Re^3: Best practice or cargo cult?
by ikegami (Pope) on Jun 20, 2006 at 16:24 UTC

    but I do not believe that assembling your own style by considering various options and choosing those which you consider to be the best for you would be CC

    Definitely. That's why I said "the real question is whether the style was created with thought".

    they all come at the expense of changing the regex semantics to be different from the standard/default semantics.

    "standard/default"? They're not the same. Personally, I use the modifiers only when needed. I need s more often than not, so my standard usage is with s, which is not the default. From what I see, when people don't use s on a regexp that uses ., it rarely would cause no harm to use s, and it's often an error not to use s.

    When there are defined standards and well-known semantics, I find it much better to stick with them where possible and only deviate when needed rather than making deviation the default.

    When there are defined standards and well-known semantics, I'd love to here about them. There's obviously differences in the standard usage of the modifiers (default vs Damian's, for example), and the semantics are far from constant.

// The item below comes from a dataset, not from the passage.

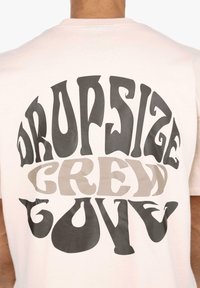 Hellrosa Baumwoll-T-Shirt mit Rundhalsausschnitt, auf dem Rücken mit fett gedrucktem, stilisiertem Text in Schwarz und Grau: "DROPSIZE CREW GUY".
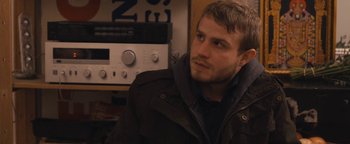 Movie still from “Simon Killer” (2012), directed by Antonio Campos – A man sitting in front of an audio equipment; Close Up shot, Over the shoulder angle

      That's why I said "the real question is whether the style was created with thought"

      In that case, I misunderstood whose thought you were referring to and had taken you mean the originator of the coding style rather than the one using it.

      When there are defined standards and well-known semantics, I'd love to here about them.

      The defined standard is documented in perlre and the well-known default semantics are those which are used in the absence of any modifiers. There are certainly times when the default semantics need to be changed, thus the standard includes modifiers such as /s to alter them, but this does not change my original point that it is generally better to stick with the default (no modifiers) semantics where possible and only invoke modified semantics when there is a need to do so.

        I'm not sure what you mean by standard, because I see nothing about the standard usage of x, s and m in perlre.

        You changed from "well-known semantics" to "well-known default semantics". My point is that they're not the same. The semantics of ., ^ and $ are not well-known, since they are context-sensitive. The defaults are overriden regularly — more often than not, in my experience — so relying on the default semantics is no good. If you wanted well known semantics in your code, without loss of functionality, it would have to be done through the enforcement of xms.

        The problem is that the world on which xms can be enforced is limited, so the "well-known semantics" would only be well-known within that world. However, that's more consistency in semantics than one would enjoy otherwise.

      and it's often an error not to use s.

      It is, but never forget that it can also be a bad to use /s with .. Matching \n just like any other character is not always natural; this default for . is NOT arbitrary or accidentally introduced. It actually makes sense a lot of the time, and in fact, I encounter more line based data than data that's differently delimited.

        It actually makes sense a lot of the time

        Do you have any examples? I can't think of anything realistic.

        • When dealing with line data, I'd be in a while (<FILE>) { chomp; ... } loops, so my data would never have any \n in it.

        • When dealing with data where \n is considered whitespace, it's no more special than a space, so I'd use the s modifier.

        • When dealing with multiline records, I tend to treat the data as line data — especially if I can use the flip-flop (..) operator — so my data would never have any \n in it. This is probably where I'd be least likely to use the s modifier.

        • When dealing with binary data, \n is not special, so I'd use the s modifier.